Bu yargılamalarla ilgili diğer sorunların de olduğunu söyleyen Mazılıgüney, “Dava evraklarına ByLock tezlerine destek olarak giren evraklar yalnızca çıktılardır. Yani dijital datanın kendisi değil, kolluk ünitelerince çözümlenmiş ve tutanak haline getirilmiş çıktılar evraklara dahil ediliyor. Biz niye çıktılara güveniyoruz? Ceza yargısında ‘güven’ diye bir şey olmaz, her tezin doğruluğu denetim edilir. Kanıt müşterekliği sağlanır ve kanıtı incelediğimizde kolluk da, sav makamı da, savunma makamı da ve şüphesiz yargılama makamı da birebir şeyi görür. Birebir sonuca ulaşıyorsa karara temel alınabilecek bir kanıttan bahsedilebilir” dedi.

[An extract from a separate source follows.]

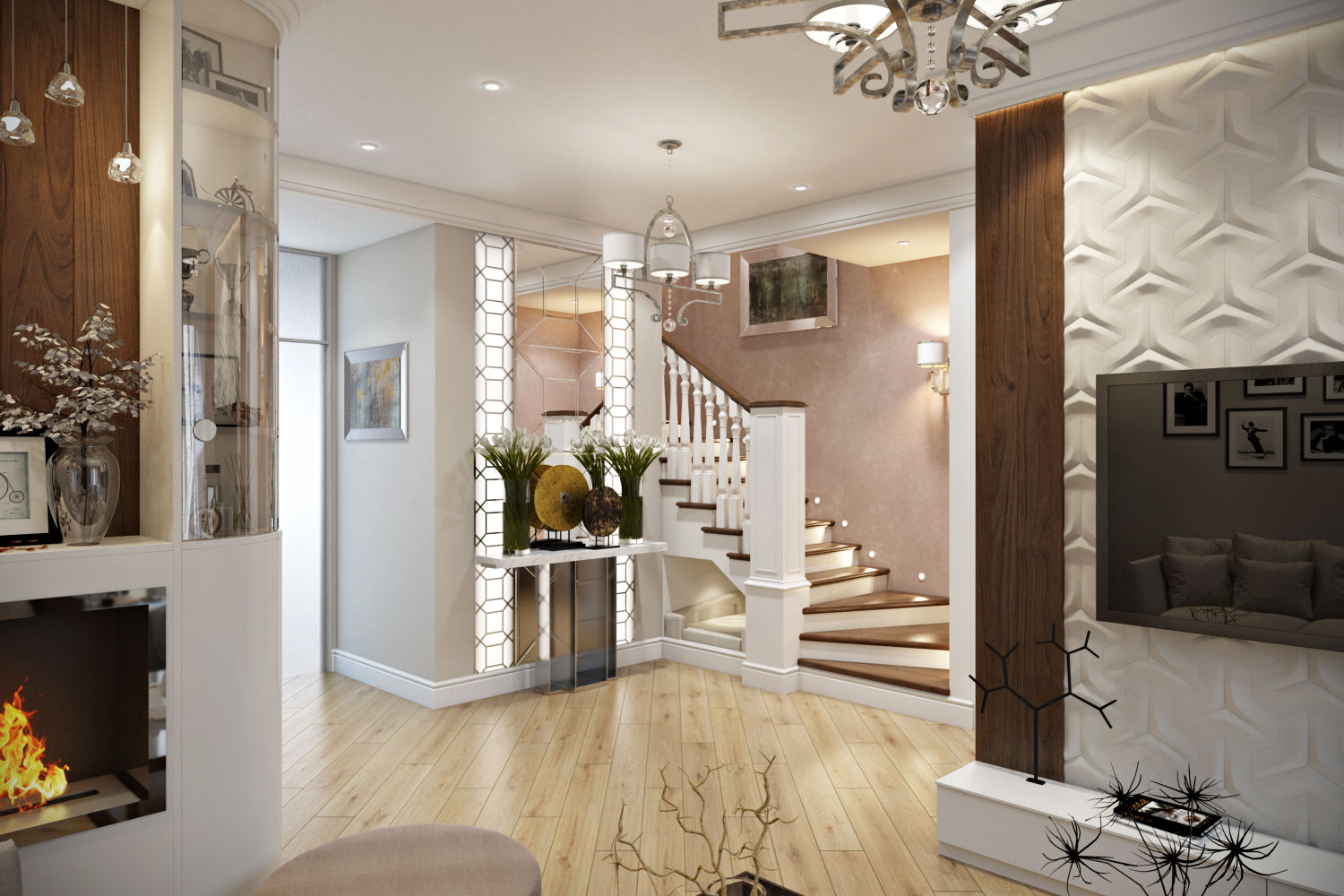 Таунхаус в г.Краснодар, Design Studio Details Design Studio Details Eclectic style corridor, hallway & stairs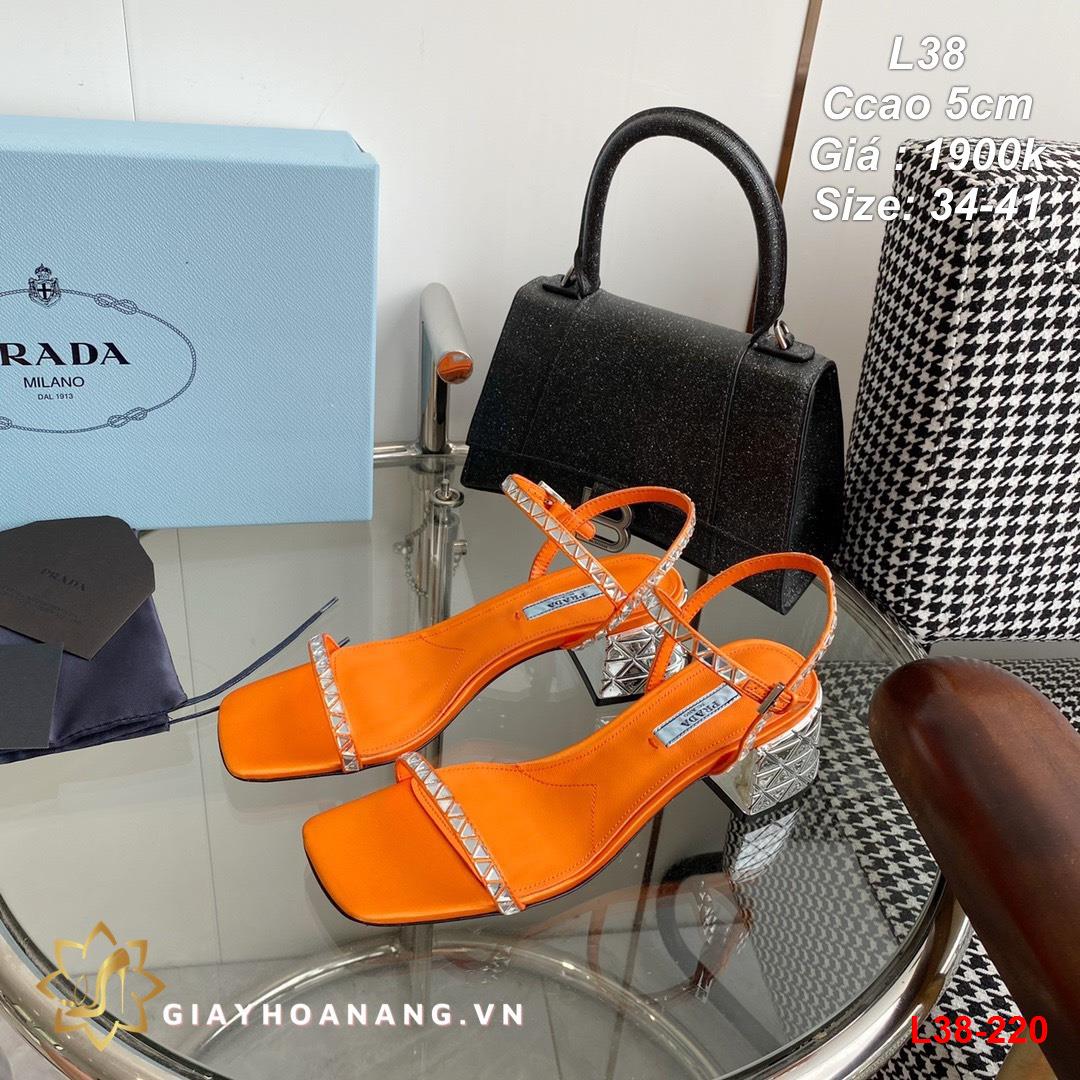 L38-220 Prada sandal cao 5cm siêu cấp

MORBEYİN ÖRNEĞİ: ANLAMAK MÜMKÜN DEĞİL
Mazılıgüney, ‘Freezy’ isimli bir internet platformunda müzik dinlerken, ‘Morbeyin’ üzerinden ByLock’a temas yapıldığını hatırlatarak şu biçimde devam etti: “elbet UYAP sistemi üzerinde sayısal imzalı, vakit damgalı duruşma tutanakları var. UYAP sunucusundan özgün ham belgelere nazaran görülecektir diyecekler. UYAP sunucusunun tamamını istemeyecekler, yalnızca ilgili oldukları, suçlandıkları belgeyle ilgili ham dataları isteyecekler ve saf olduklarını ispatlayabilecekler. Biz de diyoruz ki, Litvanya’daki ByLock sunucusundan temin edilen dataların tamamı bizi ilgilendirmiyor. Biz argümana mevzu kayıtların ham hallerini görmek istiyoruz. Bilgilerin değişmemiş olduğunu gösterecek biçimde teslim edilecek ham bilgileri incelediğimizde sanki biz de birebir isimleri birebir şifreleri gorecek miyiz? Kanıt müşterekliğinin sağlanmasını talep etmek günümüz yargısında epey uçuk bir talepmiş üzere karşılanıyor ve hukukun bu temel kozmik prensibi göz arkası edilerek, silahların eşitliği ve adil yargılanma haklarını ihlal ederek hiç bir belgede tek bir ham datanın incelenmesine müsaade verilmiyor. Kolluk bir çıktı gönderdiyse elbette doğrudur, sorgulamak kimin haddine üzere bir bakış açısı on binlerce mağduriyete niye oluyor. Üstelik Morbeyin skandalı da hafızalarda hâlâ taze iken bu davranış şeklini anlamak mümkün değil.”